Chicago Transit Authority (CTA) board chairman Terry Paterson, with CTA president Dorval R. Carter, Jr. and Mayor Rahm Emanuel presented the graduates representing 26 small businesses and DBEs from Chicago’s South and West Sides with certificates commemorating their achievements on Aug. 24.
The work relates to four stations — 51st St., Halsted, Cottage Grove and Kedzie.
“CTA infrastructure projects provide us with an opportunity to invest not only in CTA property, but in Chicago’s local businesses,” Emanuel said in a statement. “This program gives contractors the tools and education they need to bid on large-scale CTA capital investment projects, which will generate new economic opportunities that reach neighborhoods throughout Chicago.”

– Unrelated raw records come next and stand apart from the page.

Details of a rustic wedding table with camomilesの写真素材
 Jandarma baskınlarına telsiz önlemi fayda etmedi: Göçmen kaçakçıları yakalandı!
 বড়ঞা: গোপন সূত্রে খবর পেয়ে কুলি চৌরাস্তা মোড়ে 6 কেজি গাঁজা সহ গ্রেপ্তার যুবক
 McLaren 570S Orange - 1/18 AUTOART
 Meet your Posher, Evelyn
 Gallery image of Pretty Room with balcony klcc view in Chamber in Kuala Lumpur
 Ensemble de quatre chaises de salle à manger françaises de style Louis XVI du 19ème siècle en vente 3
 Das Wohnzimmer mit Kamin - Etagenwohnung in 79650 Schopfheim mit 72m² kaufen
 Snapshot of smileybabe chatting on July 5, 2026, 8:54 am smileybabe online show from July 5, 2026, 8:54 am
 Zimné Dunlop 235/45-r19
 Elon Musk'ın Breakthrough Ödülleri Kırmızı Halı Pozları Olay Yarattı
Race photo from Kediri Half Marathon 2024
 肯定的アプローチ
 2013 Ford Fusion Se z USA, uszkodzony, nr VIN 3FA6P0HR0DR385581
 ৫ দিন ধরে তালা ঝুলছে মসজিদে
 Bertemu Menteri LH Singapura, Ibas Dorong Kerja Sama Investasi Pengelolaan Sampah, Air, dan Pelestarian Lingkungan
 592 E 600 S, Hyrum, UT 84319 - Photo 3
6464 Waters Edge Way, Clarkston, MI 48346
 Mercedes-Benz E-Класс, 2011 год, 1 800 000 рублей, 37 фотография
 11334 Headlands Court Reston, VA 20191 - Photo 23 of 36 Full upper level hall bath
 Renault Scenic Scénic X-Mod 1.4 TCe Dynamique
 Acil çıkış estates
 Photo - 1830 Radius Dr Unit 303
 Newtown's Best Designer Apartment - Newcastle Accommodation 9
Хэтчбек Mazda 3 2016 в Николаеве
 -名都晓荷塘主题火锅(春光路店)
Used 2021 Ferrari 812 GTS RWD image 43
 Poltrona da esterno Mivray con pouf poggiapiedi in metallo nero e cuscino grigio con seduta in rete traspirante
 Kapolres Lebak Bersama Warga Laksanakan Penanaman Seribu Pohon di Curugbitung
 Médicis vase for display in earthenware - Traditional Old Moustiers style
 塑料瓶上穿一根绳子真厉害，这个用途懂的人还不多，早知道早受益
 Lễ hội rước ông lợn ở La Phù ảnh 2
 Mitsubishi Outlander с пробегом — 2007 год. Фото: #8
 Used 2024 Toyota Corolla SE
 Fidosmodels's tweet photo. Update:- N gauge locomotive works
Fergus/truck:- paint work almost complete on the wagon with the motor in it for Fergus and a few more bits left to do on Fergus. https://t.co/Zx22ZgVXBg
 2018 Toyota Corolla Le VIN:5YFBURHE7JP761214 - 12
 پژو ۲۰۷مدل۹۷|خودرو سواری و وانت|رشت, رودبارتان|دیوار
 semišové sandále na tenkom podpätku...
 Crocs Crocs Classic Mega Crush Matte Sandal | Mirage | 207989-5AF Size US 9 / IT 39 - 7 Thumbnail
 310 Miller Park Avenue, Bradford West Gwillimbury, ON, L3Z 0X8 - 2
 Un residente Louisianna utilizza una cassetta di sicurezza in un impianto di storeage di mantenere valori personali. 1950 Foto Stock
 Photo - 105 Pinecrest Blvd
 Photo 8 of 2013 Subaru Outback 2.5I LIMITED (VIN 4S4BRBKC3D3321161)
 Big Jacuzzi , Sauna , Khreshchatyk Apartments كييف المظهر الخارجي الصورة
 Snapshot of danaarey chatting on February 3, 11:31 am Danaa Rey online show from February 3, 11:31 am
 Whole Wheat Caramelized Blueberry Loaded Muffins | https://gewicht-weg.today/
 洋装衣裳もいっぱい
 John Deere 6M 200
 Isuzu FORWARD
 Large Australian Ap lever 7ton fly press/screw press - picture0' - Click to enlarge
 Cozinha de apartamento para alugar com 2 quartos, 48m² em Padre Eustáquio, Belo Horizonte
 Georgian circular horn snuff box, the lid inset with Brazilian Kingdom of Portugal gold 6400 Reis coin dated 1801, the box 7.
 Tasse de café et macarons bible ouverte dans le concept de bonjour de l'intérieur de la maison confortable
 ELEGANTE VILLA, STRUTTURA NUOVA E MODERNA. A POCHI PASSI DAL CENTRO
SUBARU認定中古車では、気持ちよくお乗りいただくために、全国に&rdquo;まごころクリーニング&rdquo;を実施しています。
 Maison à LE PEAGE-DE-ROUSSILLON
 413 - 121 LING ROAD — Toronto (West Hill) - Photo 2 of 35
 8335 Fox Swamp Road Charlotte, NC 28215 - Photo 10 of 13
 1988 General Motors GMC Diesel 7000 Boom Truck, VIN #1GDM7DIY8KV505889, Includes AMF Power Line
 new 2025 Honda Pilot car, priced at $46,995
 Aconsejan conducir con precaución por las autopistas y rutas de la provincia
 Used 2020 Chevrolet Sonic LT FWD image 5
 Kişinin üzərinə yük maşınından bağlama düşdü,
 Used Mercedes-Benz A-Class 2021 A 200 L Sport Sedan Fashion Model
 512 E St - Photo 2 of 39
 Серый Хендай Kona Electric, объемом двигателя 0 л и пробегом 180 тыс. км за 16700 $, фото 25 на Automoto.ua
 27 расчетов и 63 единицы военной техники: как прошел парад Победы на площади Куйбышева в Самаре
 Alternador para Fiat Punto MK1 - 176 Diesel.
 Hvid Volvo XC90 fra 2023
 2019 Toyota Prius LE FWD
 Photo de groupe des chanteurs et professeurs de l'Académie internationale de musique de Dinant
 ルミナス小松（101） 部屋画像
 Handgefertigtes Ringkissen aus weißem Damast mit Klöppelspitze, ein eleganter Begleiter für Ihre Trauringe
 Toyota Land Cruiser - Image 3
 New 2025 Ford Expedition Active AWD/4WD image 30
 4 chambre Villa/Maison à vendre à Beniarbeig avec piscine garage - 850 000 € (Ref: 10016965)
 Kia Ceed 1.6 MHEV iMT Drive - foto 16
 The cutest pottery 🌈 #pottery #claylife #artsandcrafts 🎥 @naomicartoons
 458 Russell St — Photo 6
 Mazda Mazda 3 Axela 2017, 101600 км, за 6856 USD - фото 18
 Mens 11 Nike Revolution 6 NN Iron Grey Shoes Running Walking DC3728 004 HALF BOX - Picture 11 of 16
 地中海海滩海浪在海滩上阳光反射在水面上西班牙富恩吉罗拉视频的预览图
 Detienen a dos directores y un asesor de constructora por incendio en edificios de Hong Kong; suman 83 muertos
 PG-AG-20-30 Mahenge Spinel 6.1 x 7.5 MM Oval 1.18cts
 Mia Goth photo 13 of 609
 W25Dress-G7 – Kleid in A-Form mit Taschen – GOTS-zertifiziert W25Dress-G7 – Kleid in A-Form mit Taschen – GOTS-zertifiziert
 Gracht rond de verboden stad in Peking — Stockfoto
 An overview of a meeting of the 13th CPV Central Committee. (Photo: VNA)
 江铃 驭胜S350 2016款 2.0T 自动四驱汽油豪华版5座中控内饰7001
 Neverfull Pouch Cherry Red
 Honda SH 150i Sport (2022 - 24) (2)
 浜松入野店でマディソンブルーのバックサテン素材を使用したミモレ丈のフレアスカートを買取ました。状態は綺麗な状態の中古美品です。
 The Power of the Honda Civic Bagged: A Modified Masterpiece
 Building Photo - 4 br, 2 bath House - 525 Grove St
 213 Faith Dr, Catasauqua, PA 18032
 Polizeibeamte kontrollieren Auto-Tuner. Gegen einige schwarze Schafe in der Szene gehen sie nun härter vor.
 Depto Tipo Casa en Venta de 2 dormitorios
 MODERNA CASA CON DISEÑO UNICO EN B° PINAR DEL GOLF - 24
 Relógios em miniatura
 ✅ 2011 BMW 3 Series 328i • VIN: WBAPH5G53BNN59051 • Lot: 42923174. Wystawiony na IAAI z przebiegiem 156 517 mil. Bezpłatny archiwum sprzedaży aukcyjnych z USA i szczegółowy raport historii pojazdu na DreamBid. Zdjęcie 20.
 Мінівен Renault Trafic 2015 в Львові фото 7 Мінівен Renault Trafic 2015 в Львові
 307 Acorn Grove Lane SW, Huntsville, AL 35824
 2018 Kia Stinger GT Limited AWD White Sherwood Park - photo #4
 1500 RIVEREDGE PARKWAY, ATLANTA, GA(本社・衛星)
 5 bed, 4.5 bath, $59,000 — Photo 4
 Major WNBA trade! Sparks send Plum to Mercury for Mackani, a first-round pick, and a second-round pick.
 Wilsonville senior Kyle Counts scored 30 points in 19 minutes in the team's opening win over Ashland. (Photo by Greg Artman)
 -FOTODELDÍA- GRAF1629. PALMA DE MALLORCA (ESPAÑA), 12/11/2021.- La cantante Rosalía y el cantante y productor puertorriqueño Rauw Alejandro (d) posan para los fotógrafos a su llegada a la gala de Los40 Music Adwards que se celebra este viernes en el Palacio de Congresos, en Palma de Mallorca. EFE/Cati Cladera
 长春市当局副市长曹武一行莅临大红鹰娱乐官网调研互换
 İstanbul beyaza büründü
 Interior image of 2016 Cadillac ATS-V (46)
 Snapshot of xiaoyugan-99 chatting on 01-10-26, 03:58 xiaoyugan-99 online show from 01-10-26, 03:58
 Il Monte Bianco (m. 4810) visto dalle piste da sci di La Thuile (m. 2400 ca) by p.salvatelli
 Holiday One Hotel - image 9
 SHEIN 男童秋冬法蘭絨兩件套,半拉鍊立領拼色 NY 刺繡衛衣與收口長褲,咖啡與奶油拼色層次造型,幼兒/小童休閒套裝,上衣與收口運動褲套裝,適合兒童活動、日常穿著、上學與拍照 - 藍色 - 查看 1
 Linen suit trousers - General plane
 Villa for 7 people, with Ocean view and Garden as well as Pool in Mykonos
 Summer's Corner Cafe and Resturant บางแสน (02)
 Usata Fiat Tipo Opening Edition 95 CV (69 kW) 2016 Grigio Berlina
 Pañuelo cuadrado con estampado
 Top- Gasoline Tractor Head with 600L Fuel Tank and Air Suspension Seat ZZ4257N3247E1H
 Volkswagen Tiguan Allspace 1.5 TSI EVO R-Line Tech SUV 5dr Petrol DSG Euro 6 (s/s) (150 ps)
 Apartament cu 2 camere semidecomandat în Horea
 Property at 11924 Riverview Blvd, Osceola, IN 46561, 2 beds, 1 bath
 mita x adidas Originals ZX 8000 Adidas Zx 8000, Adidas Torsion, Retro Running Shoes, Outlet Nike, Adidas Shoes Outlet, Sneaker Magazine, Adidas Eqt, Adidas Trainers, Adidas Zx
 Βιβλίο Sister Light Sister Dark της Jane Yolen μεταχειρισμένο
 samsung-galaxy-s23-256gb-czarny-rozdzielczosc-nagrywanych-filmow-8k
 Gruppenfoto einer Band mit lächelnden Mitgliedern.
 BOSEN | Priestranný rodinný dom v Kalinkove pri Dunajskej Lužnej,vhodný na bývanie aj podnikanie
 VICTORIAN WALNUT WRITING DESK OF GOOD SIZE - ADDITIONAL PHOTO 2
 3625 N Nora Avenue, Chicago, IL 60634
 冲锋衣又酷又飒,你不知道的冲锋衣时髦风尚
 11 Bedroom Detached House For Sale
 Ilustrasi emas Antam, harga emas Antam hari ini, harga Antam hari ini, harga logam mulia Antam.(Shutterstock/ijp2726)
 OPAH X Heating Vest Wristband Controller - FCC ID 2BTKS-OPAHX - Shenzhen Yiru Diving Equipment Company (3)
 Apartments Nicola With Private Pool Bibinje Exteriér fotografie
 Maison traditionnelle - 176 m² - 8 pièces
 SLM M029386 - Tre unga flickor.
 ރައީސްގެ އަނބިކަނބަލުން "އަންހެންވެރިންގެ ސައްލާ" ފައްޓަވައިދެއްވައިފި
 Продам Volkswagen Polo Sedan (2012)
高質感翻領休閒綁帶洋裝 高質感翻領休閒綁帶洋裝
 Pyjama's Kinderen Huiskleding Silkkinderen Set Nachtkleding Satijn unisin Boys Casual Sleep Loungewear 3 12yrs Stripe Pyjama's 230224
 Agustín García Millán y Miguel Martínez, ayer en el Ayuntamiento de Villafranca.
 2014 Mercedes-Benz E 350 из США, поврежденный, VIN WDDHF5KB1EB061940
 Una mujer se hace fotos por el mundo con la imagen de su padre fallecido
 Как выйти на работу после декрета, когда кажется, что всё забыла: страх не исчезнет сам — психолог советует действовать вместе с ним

The program participants engaged in a five-course educational series hosted by CTA and received instruction from key CTA contractors who provided their insight on best practices, managing and understanding projects, project reporting and other subject areas. Training for new participants will continue in the fall of 2017 with most work occurring in 2018.
“The Green Line Small Business Initiative is proof of CTA’s continued investment in the people and communities we serve,” Carter said. “By teaching contractors the skills they need to work with a large agency such as CTA, we help empower them to compete on a broader playing field.”
This initiative continues CTA’s unique model for business education and outreach, which began during the Red Line South reconstruction project in 2013. During the five-month long reconstruction, which completely rebuilt the 10.2-mile stretch just north of Cermak-Chinatown to 95th St., CTA exceeded its DBE participation goals by working with 39 minority-owned companies. Additionally, rebuilding the 44-year-old track offered DBEs the opportunity to earn $89 million for their work on this historic project. Since Emanuel took office, the CTA has undertaken 46 station modernizations or comprehensive rehabilitations, the city says in its news release.
Earlier in the month, Emanuel and Chicago Department of Planning and Development (CPD) commissioner David Reifman announced many of the city’s largest construction projects will now be required to report on their efforts to solicit and hire minority- and women-owned business (MBE/WBE).
The action was taken through an executive order signed by Emanuel, which requires developers seeking Planned Development (PD) zoning approvals by the Chicago Plan Commission to submit signed affidavits about their efforts to promote and incorporate participation by certified MBE/WBE firms and plans for local hiring.